Celebrate Musicals Week - Why I'm Team Erik, or Why I Don't Like Raoul

I have never been a fan of Raoul in The Phantom of the Opera.  He has always seemed to be the goody-goody pretty-boy that Christine goes after.  He is a shallow character, and there is not much to him.  To be honest, he’s very boring, too simplistic, and one-dimensional.  He has youth and good looks, but not nearly as vast or broad a soul as the Phantom has.

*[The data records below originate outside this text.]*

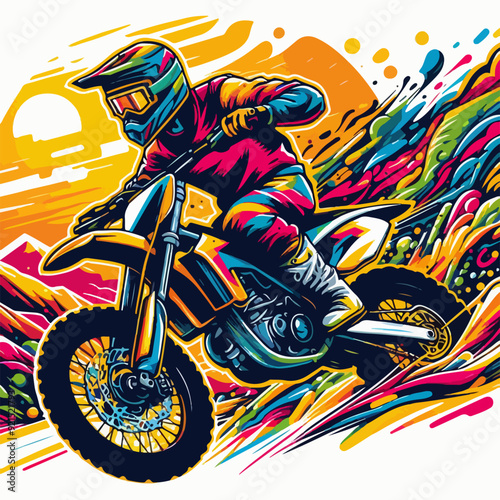 A man is riding a motorcycle on a mountain. The man is wearing a helmet and riding a dirt bike. The image has a colorful and vibrant feel to it, with a sense of adventure and excitement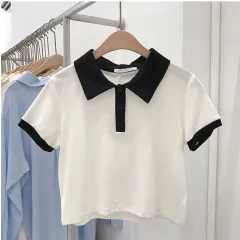 Top Solid Color Polo Shirt Lapel Short High-waist Short-sleeved T-shirt - White - View 1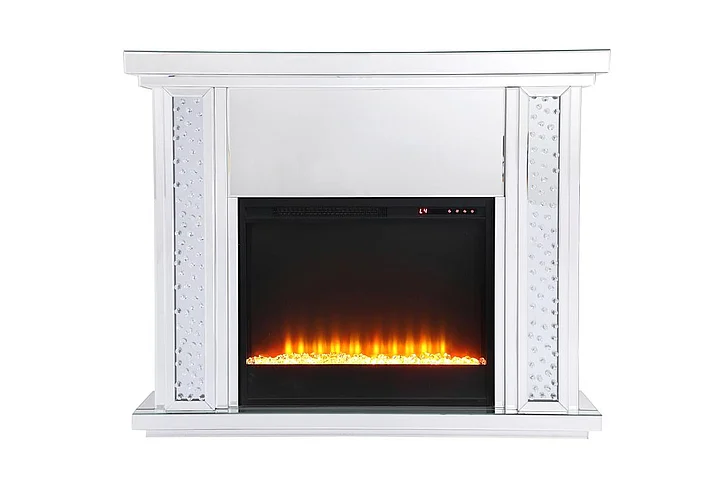 Elegant 47.5 In. Crystal Mirrored Mantle with Crystal Insert Fireplace MF9901-F2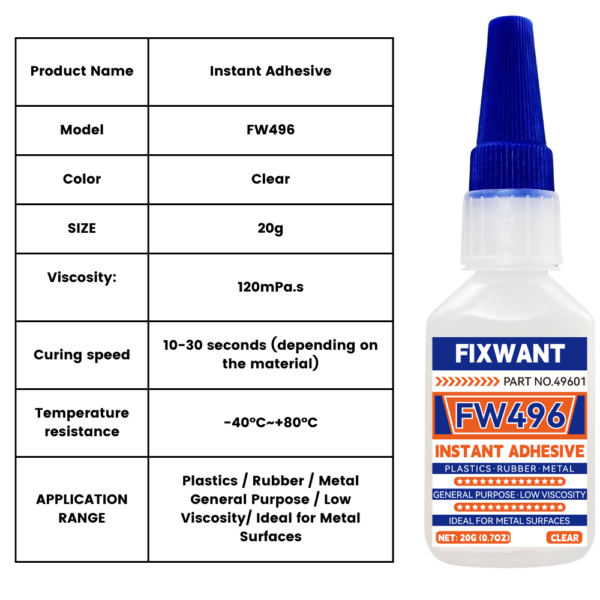 FIXWANT FW496 Clear Instant Adhesive 20g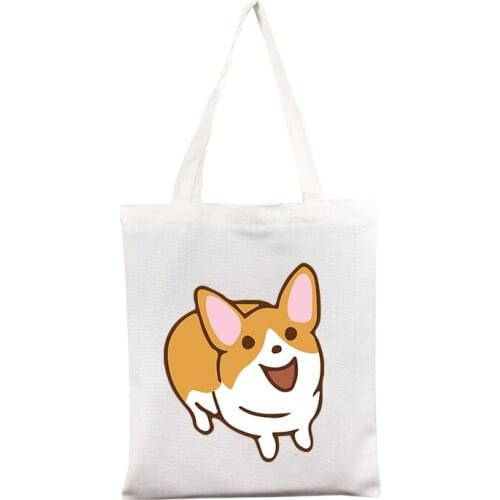 Fashion Shiba Inu printed shoulder bag female casual student handbag simple canvas bag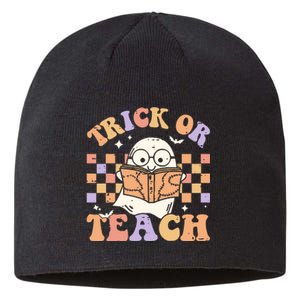 Groovy Halloween Trick Or Teach Floral Ghost Teacher Sustainable Beanie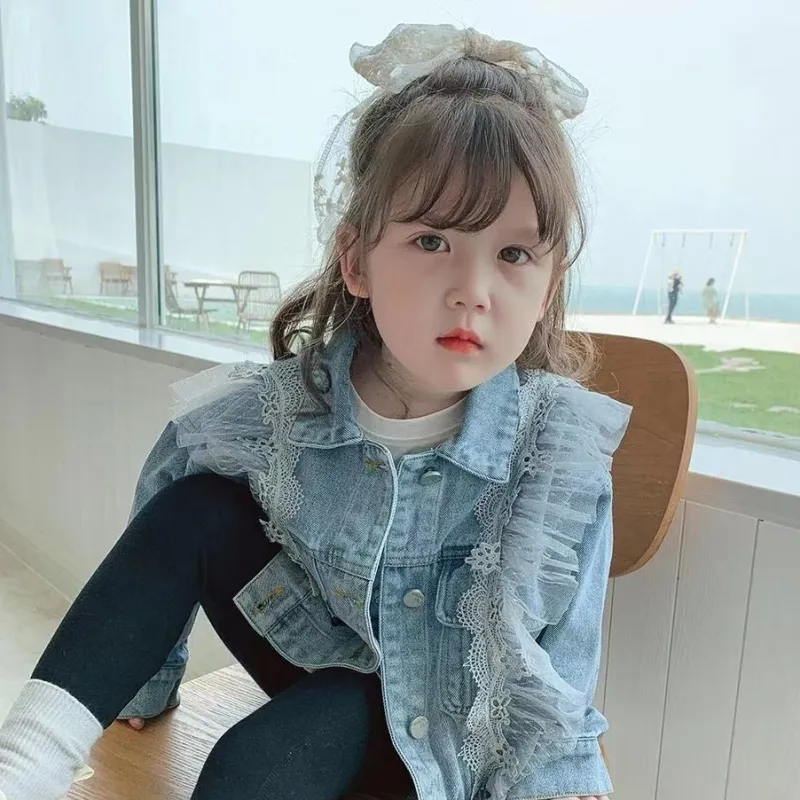 【90-140】韓国系 ファッション 着せやすい おしゃれ  キッズ 子供服 トドラー 女の子 春秋 デニム アウター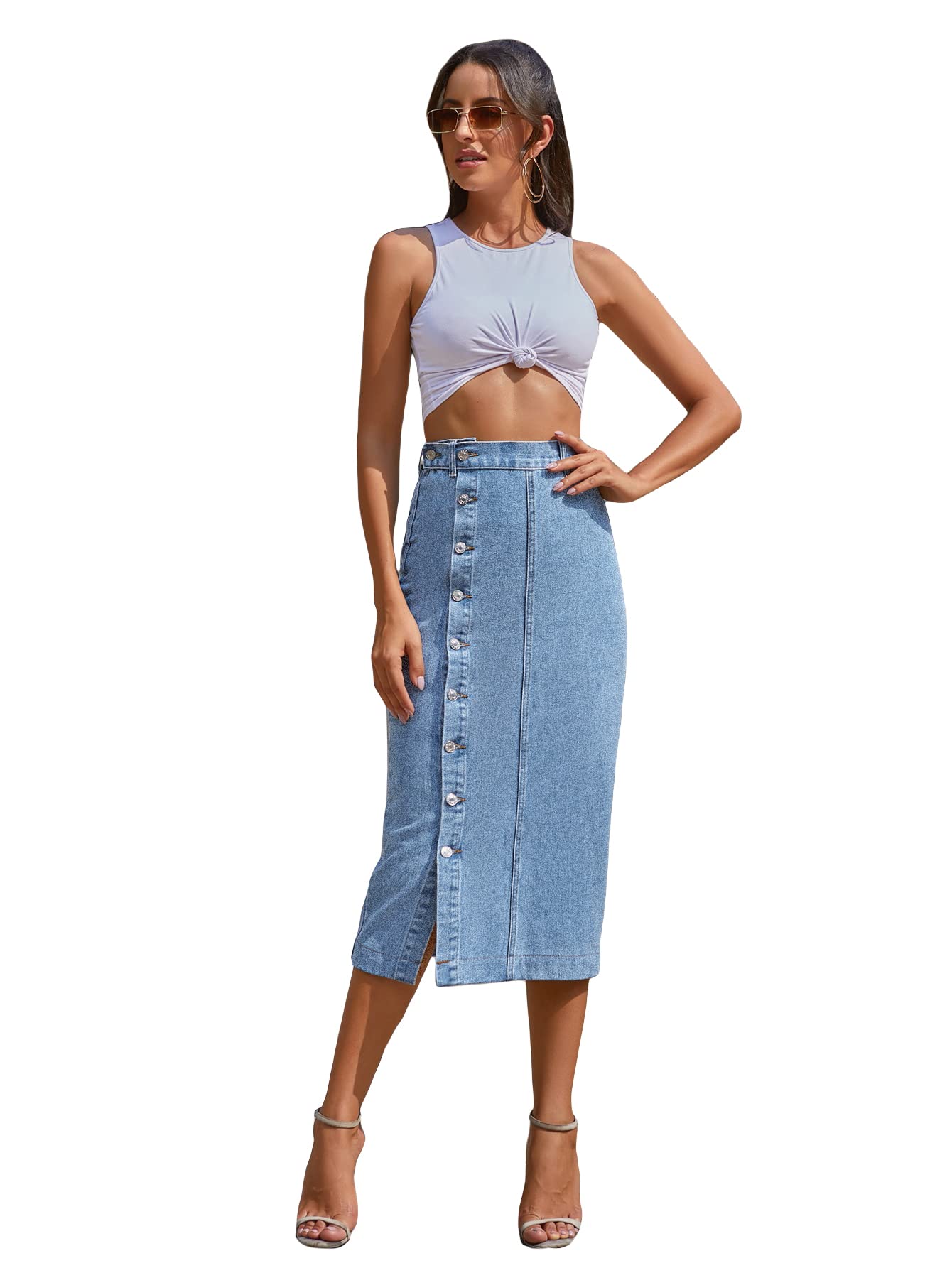 SweatyRocks Women's High Waist Button Front Denim Pencil Skirt - Long Split Hem Stretch Jeans Skirt for Casual Outfits, Office Wear & Date Night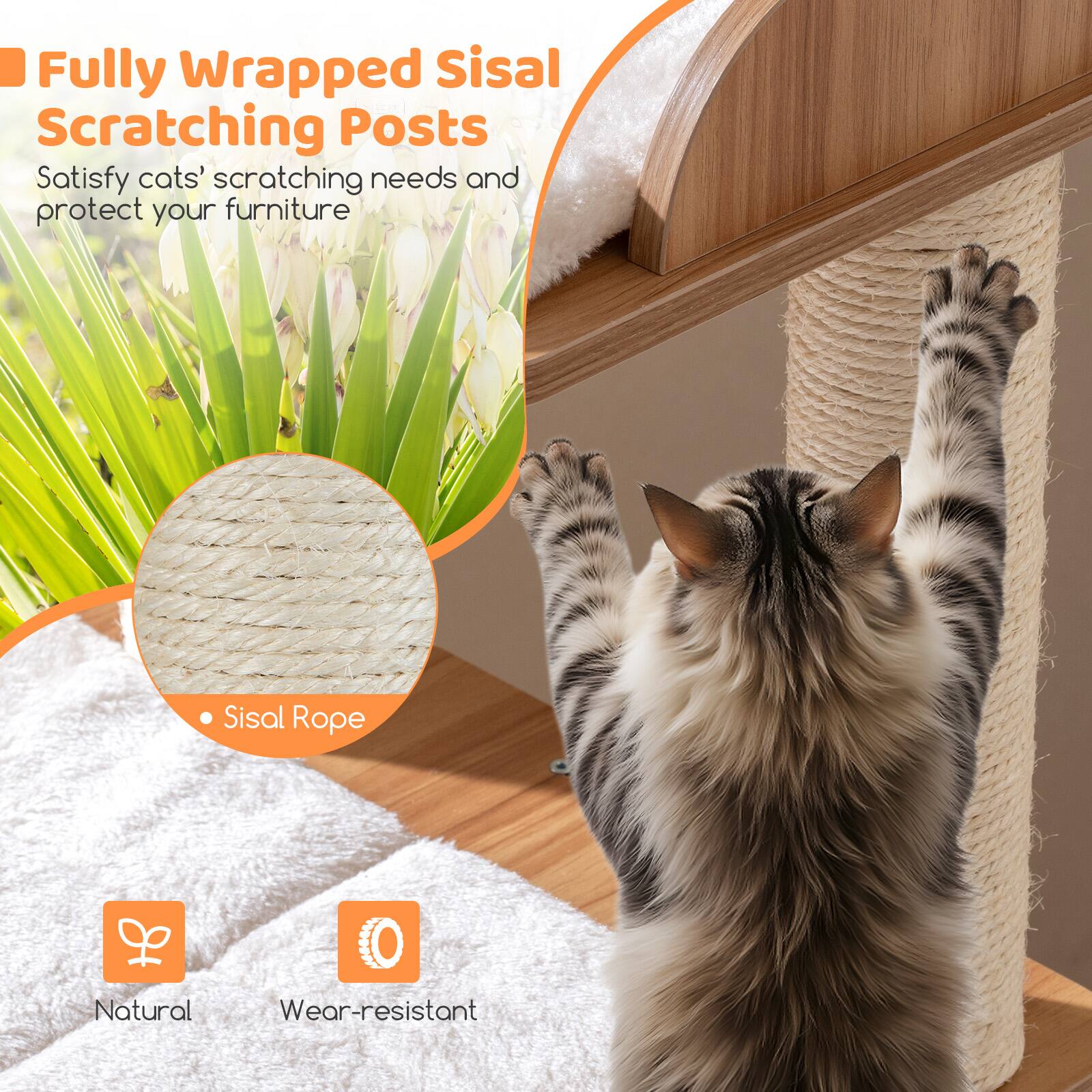 Fully Wrapped Sisal Scratching Posts  
Satisfy cats' scratching needs and protect your furniture  

- Sisal Rope  
- Natural  
- Wear-resistant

Christine’s love for the Phantom is more profound, more complex, and deeper than the love she harbors for Raoul.  The Phantom represents her inner passion for art, and for reaching great heights, which reflect the Romantic yearning for knowledge and achievement.  The Phantom wants Christine to dedicate herself to her art, but that isn’t the only aspect of their relationship; it’s more complicated than that.  He does truly love her, which is proven to us when he makes the ultimate sacrifice in the end, and lets go of the only one who could have loved him in return.  The love between Christine and Raoul is young and immature, while the love between Christine and the Phantom is more mature and developed.  In the book, which I have not yet read, but intend to get, I have heard that the Phantom is portrayed as passionate, both romantically and artistically.  Christine feels safe with Raoul, because what she shares with him is more platonic than romantic.  The Phantom’s passion is too wild and frightening for Christine.  She is afraid to go “beyond the point of no return”, both in terms of her personal relationship with the Phantom, and in terms of her art.


The fact that Raoul and Christine were friends as children is very symbolic, because their love is youthful and underdeveloped, and in that respect, childish.  The Phantom seems to regard Raoul as a mere boy.  During “The Mirror”, the Phantom sings, “Insolent boy, this slave of fashion, basking in your glory.  Ignorant fool, this brave young suitor.  Sharing in my triumph!”  To Christine, the Phantom is mystery, darkness, sensuality, and danger, while Raoul is innocence and safety.  The Phantom wants her to get in touch with her darker side, and to learn to love him in spite of his outward disfigurement.  This is why he hides his disfigurement with a mask – he believes that Christine could not love his real form.  The Phantom is a magician, which adds to his deceptive and elusive nature.  He believes that by creating an illusion, he can veil reality, because he knows that others cannot accept reality as it is.

While Christine is torn between Raoul and the Phantom, she is forced to make a choice.  When the Phantom decides to let her go, their farewell is heartbreaking and reduces me to tears every time.  When the Phantom sings the line, “Christine, I love you”, it is clear that he really does love her, but he can never have her.  I believe the ending of The Phantom of the Opera is beautiful the way it is, and I do not like the idea of a sequel (I’m looking at you, Love Never Dies...), but I can never like Raoul.  He is not a character I am capable of liking.  He never has been, and never will be.

Raoul and the Phantom can be seen as two sides of Christine’s nature, which she must choose between.  These two sides of her are mutually exclusive, and cannot coexist.  In the end, she cops out, and chooses the safe and rational life, rather than the life that the Phantom represents, which is fraught with danger, risk, intensity, and sacrifice.  The Phantom inhabits the subterranean regions of the Opera House, symbolizing Christine’s subconscious being.

There are many ways of looking at this story.  You could think of the Phantom as a murderer who wants to possess Christine because he is desperate for love, but I think that is a limited perspective, and that there is far more to this story than that.  The Phantom is perceived in a threatening light, because in terms of Christine’s psyche, it is threatening for her to continue probing her subconscious, and threatening for her to listen to the demands of her inner self, and to contemplate fulfilling such wild and ambitious desires.  Ultimately, her childish self decides to stay in the safe, tame, surface world with Raoul.